Brief: The entries need to be copied exactly as they stand, images left out.

Phrase grounding data:

= Beginning of Section =

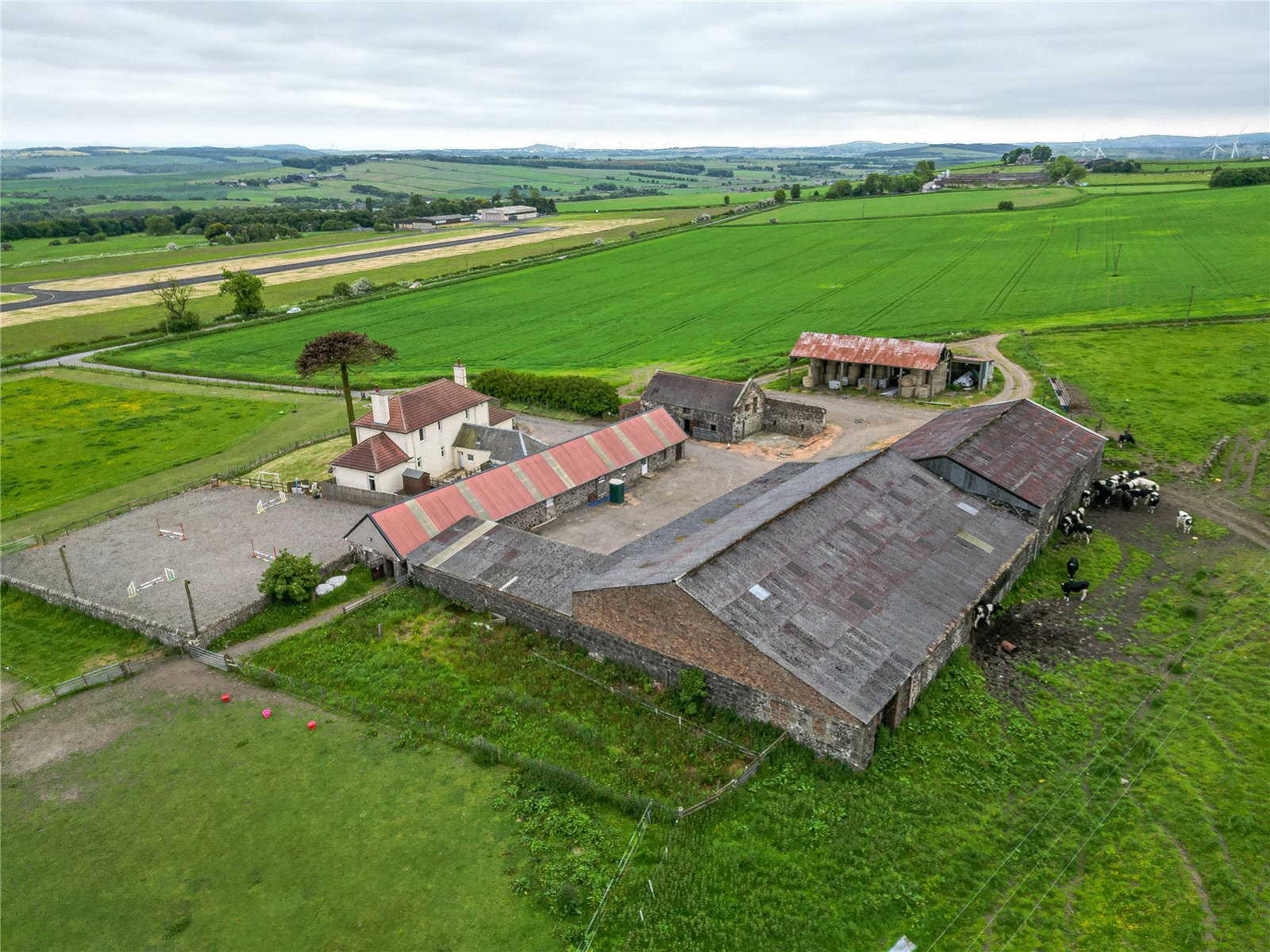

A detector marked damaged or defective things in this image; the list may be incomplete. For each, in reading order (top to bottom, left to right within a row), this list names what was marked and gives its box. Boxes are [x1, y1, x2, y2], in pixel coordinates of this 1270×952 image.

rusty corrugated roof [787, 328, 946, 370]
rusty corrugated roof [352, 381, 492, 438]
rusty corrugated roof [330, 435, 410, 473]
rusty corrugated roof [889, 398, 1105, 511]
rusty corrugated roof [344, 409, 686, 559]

= End of Section =

Answer to this exercise:
A detector marked damaged or defective things in this image; the list may be incomplete. For each, in reading order (top to bottom, left to right within a row), this list names what was marked and gives its box. Boxes are [x1, y1, x2, y2], in pixel coordinates of this 1270×952 image.

rusty corrugated roof [787, 328, 946, 370]
rusty corrugated roof [352, 381, 492, 438]
rusty corrugated roof [330, 435, 410, 473]
rusty corrugated roof [889, 398, 1105, 511]
rusty corrugated roof [344, 409, 686, 559]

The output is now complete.